Creativity is not reserved for a select few, anyone can be creative once they understand the roadmap to innovation, says Columbia Business School professor Sheena Iyengar

Published: Jan 31, 2024 01:31:01 PM IST
Updated: Jan 31, 2024 01:38:27 PM IST

Sheena Iyengar is the author and ST Lee Professor of Business at Columbia Business SchoolSheena Iyengar is the author and ST Lee Professor of Business at Columbia Business School

Sheena Iyengar is the ST Lee Professor of Business at Columbia Business School and the author of The Art of Choosing and Think Bigger: How to Innovate. As an expert on choice and innovation, Iyengar's TED Talks have received 7 million collective views.

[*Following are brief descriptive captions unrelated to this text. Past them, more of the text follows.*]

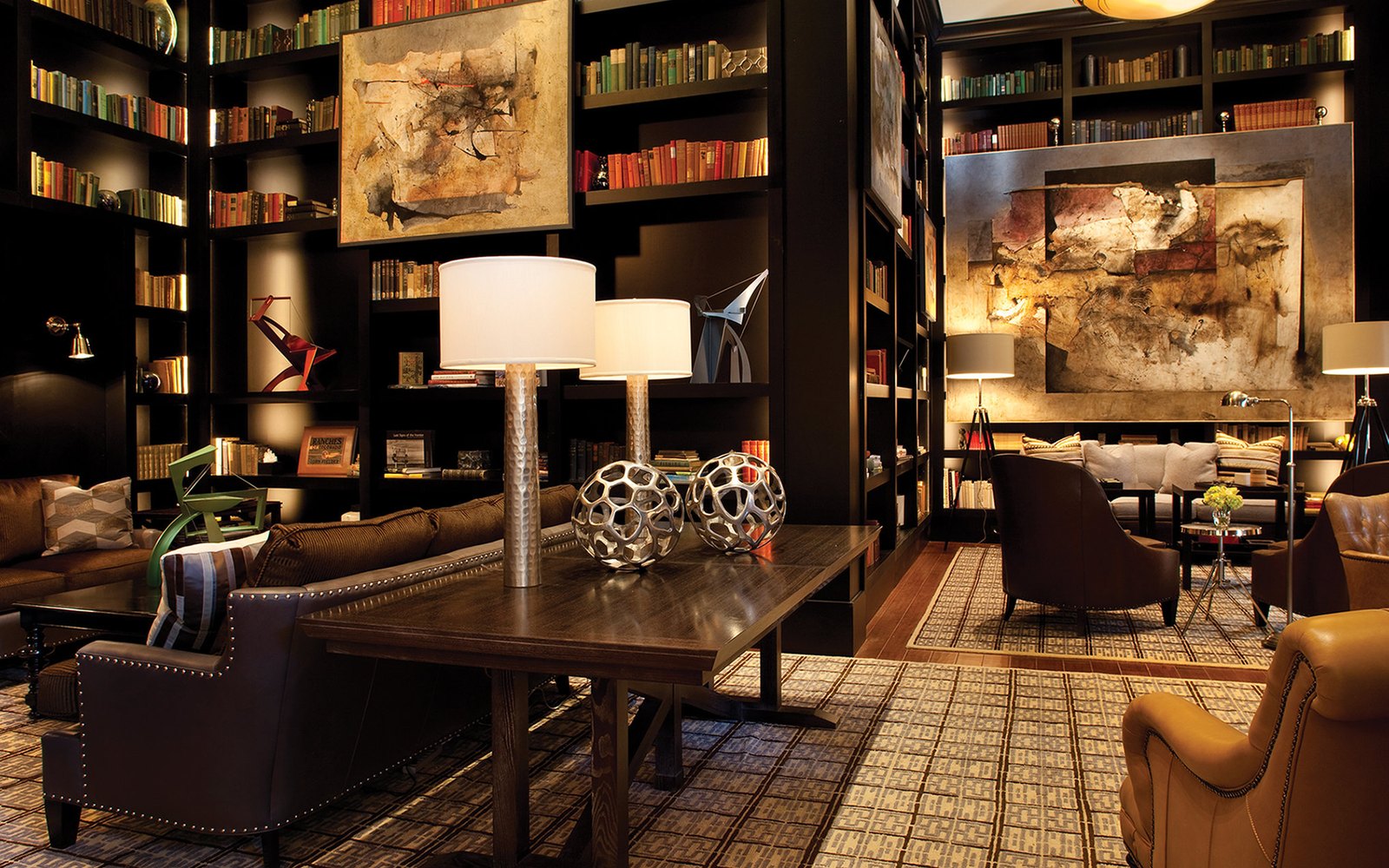 The library: dark book walls, leather armchairs and a long reading table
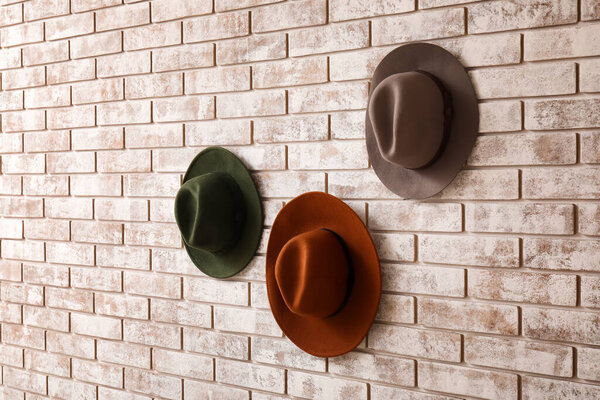 Стильные шляпы на светлом кирпичном фоне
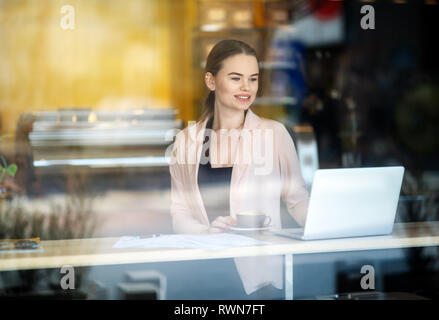 Smiling Woman working on laptop at coffee shop. Window Reflexions. Shot of a young woman using a laptop in a cafe Stock Photo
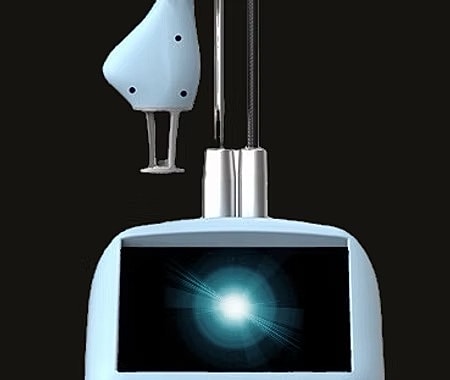 Blue device with a screen and probe attachment.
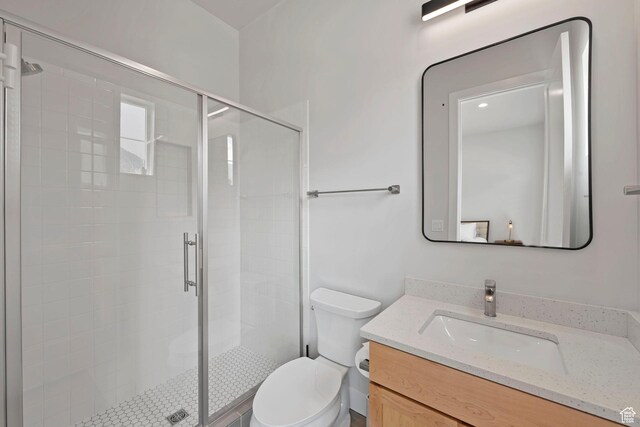 7862 S Danish Pine Ln, Salt Lake City, UT 84121 - full bathroom with vanity, toilet, and a stall shower
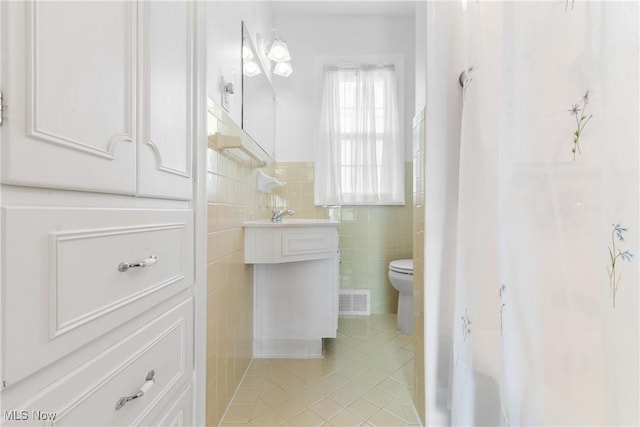 full bathroom with visible vents, a sink, tile patterned floors, toilet, and tile walls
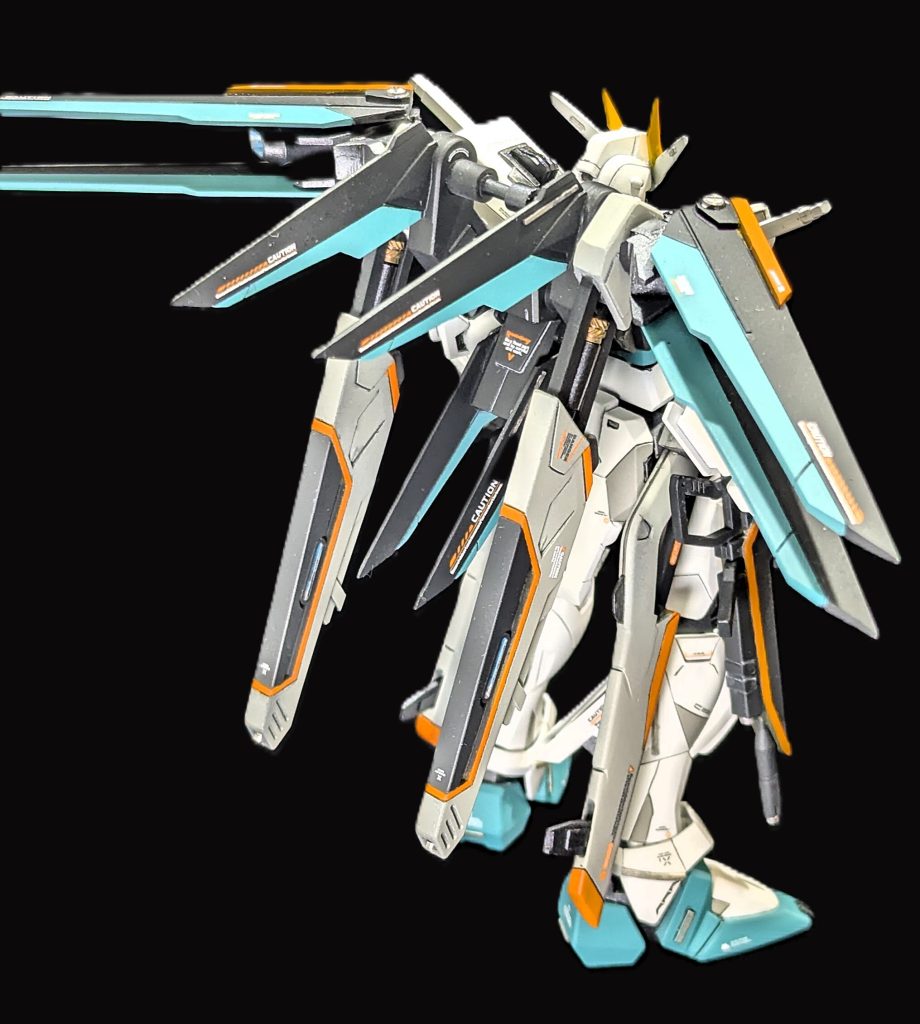 スタイル改修のポイントは、ヘルメット前後1mmプラ板による延長。肩アーマーは軸に通す構造にし、前腕とは独立しています。胴体部分は5mmほど延長。脇腹部分はMGEXストフリを参考にほぼ作り変えました（後述の製作写真で確認できます）脚部は大腿部を3mm延長。ふくらはぎ部分のスラスターはプラ材でスクラッチし、ディテール増量しています。この他全身に小さいプラ材を貼り付けてディテールアップしています。脚部のスジボリは塗り分け目的も兼ねて施しました。また、バックパックは再構築した形状にしています。バラエーナ砲は15mm程度プラ角材で延長し、金属製のネジパーツもいれてみました。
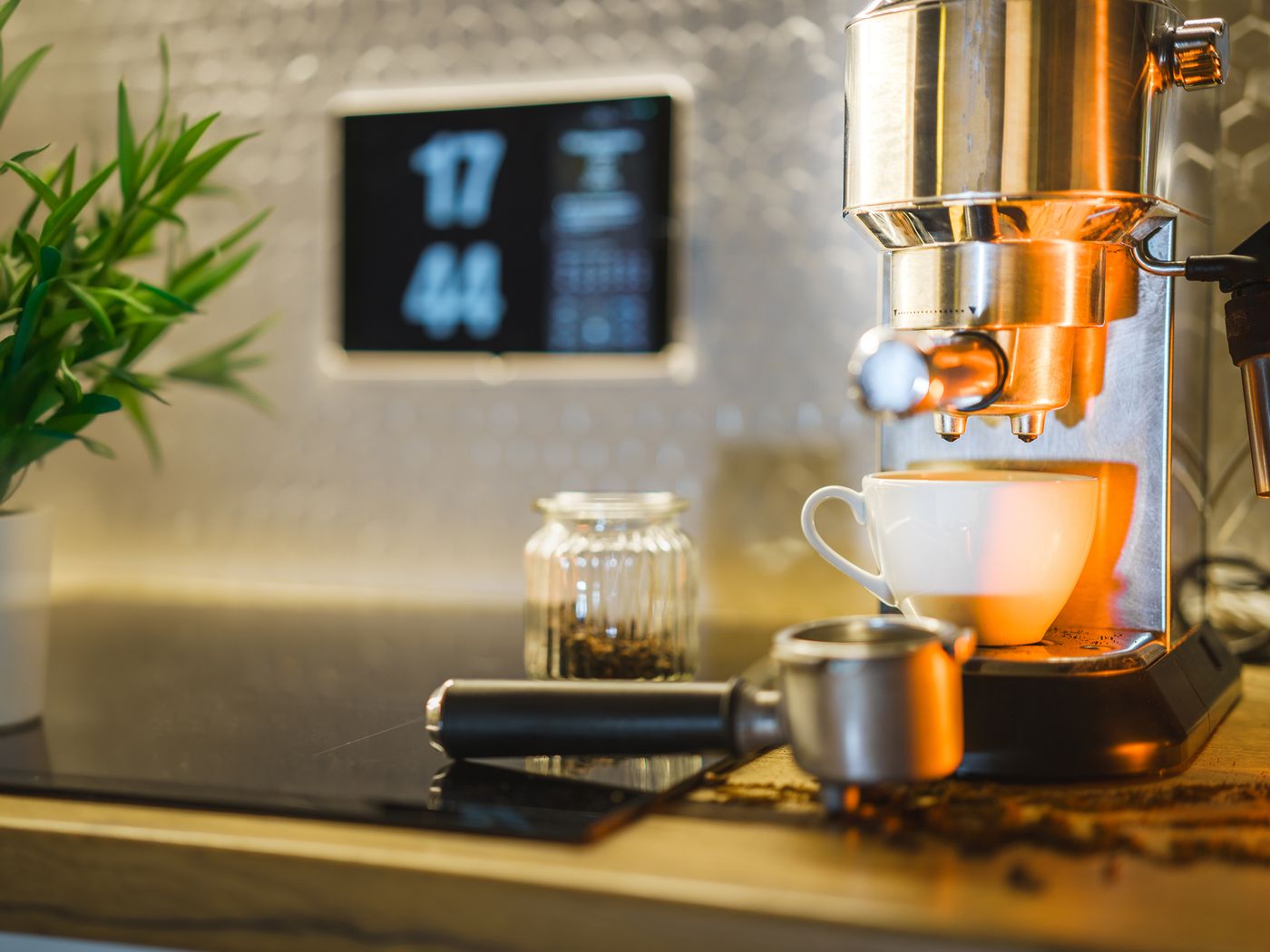 A cup positioned beneath a home coffee machine
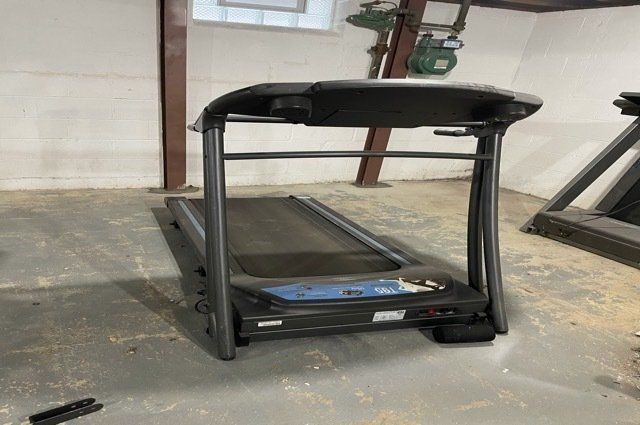 treadmill in white basement with clean concrete floor
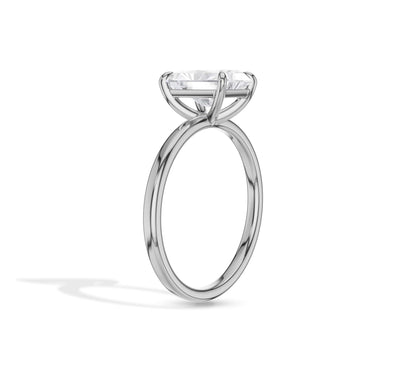 Smooth band highlighting radiant center diamond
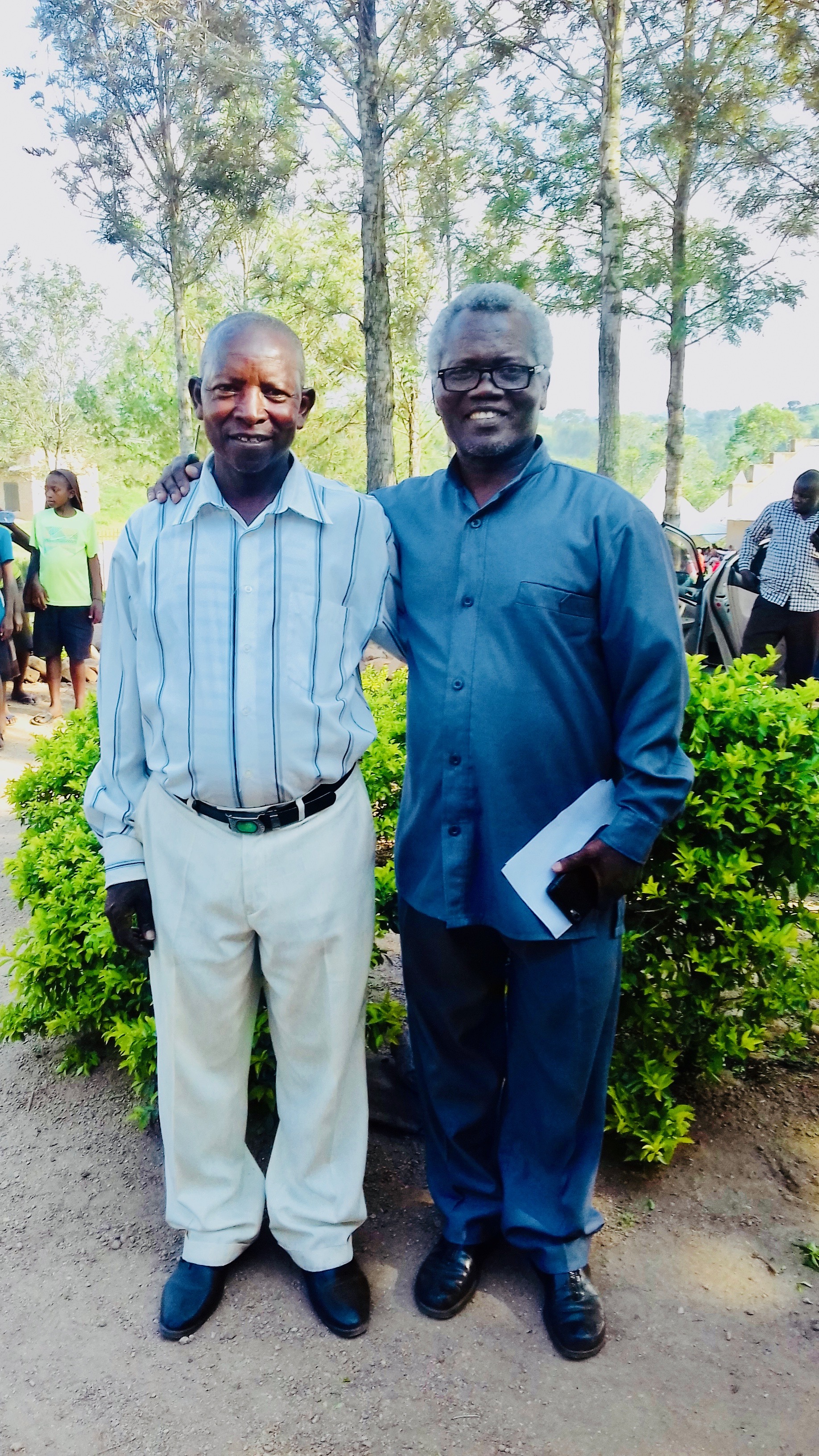 Immanuel and regional leader John Nyamwema, Kamwenge.jpg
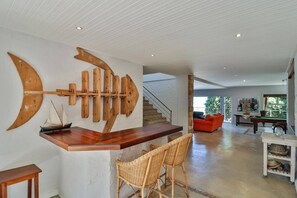 Ampla sala de estar com uma escultura de peixe em madeira, uma escada e uma mesa de bilhar.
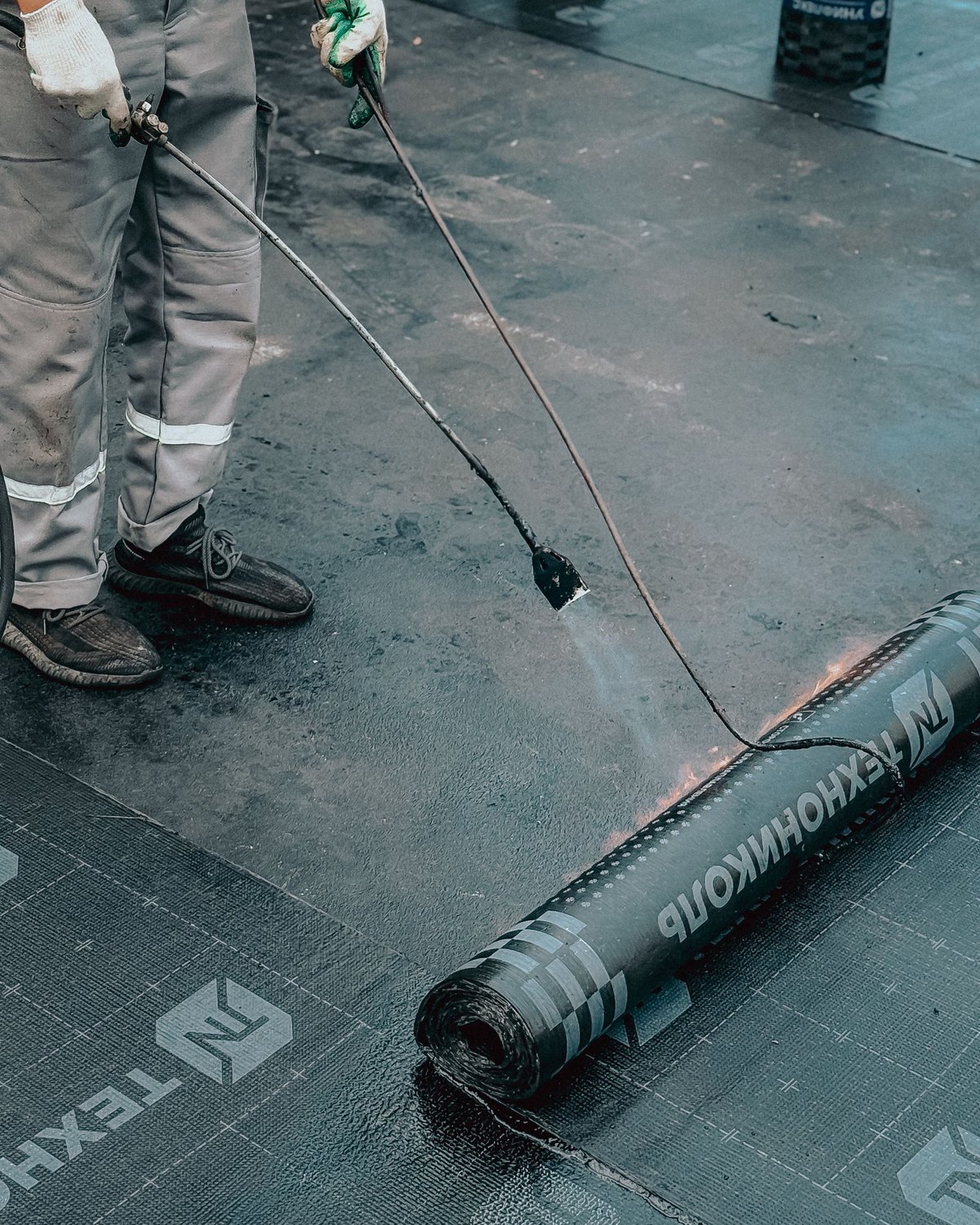 Roofer applying torch-on membrane to a flat roof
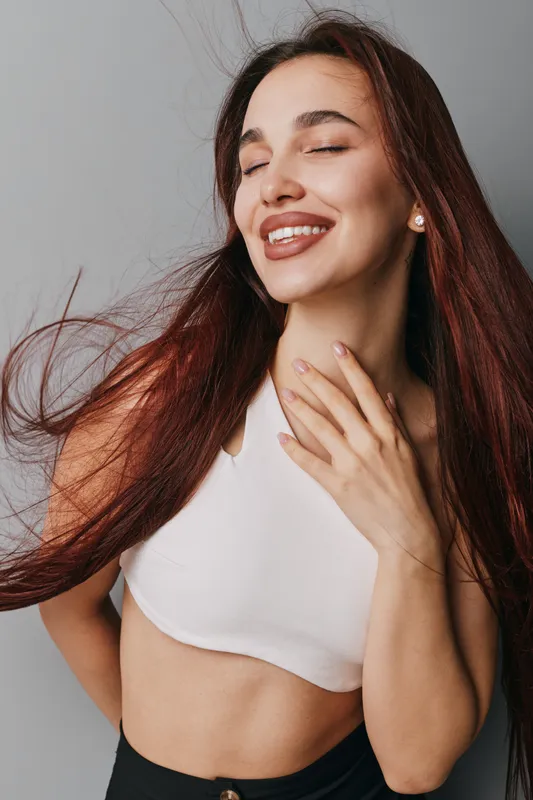 Young woman with long hair smiling with eyes closed wearing white crop top and black pants against gray background. Happiness, beauty, casual style and natural makeup closeup portrait.
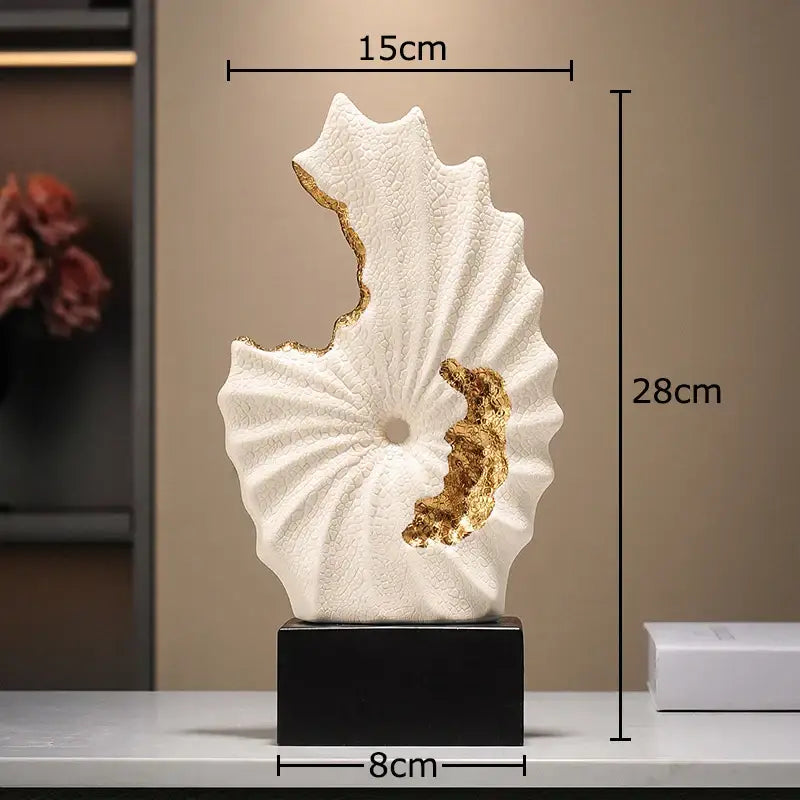 Abstract white and gold gilded ceramic landscape leaf sculpture with textured surface on black rectangular base for decor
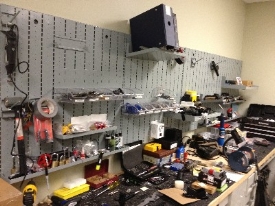 Wall Mountable Weapon Racks storing assorted parts & gear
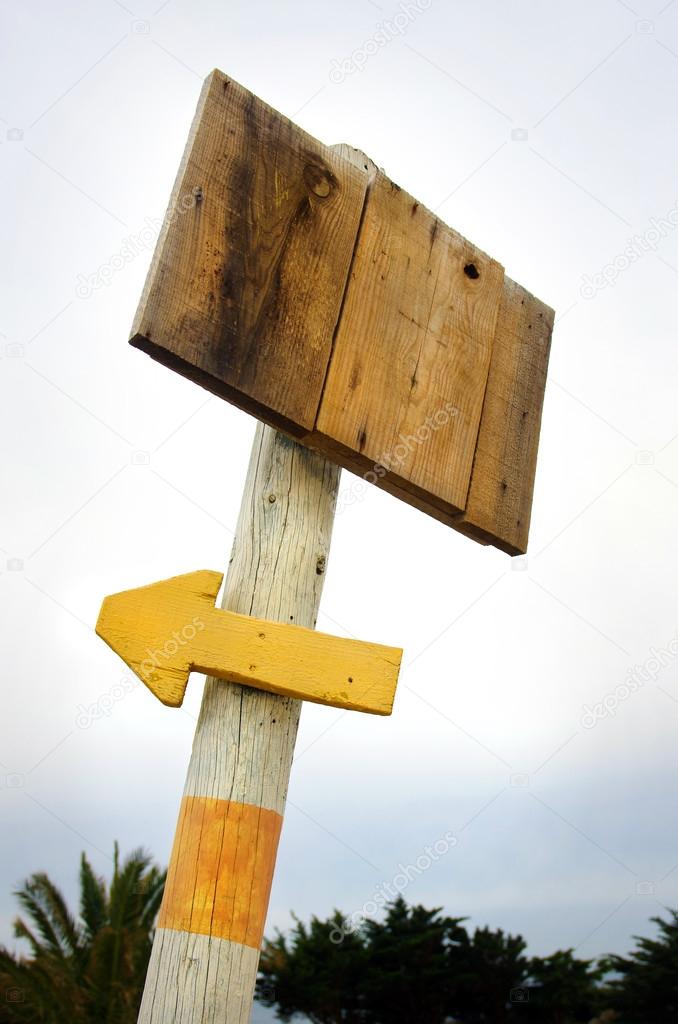 Wooden placard a arrow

She has spoken at and consulted 200 companies including Google, AB Insurance, Bloomberg, E&Y, PwC, Target, Deloitte, among others. In an interview with Forbes India, she explains how to create powerful ideas for problem-solving

Q. Why do we need to ‘think bigger’ in the context of innovation?

‘Think Bigger’ offers a new method for innovation backed by what we have learnt from neuro- and cognitive science over the last two decades. Its six-step methodology helps users avoid the trap of solving a problem that turns out to be the wrong problem—which 72% of companies often fall into. It offers a new perspective that encourages its users to bring a useful, novel solution into the world.

Q. What are the basic steps involved?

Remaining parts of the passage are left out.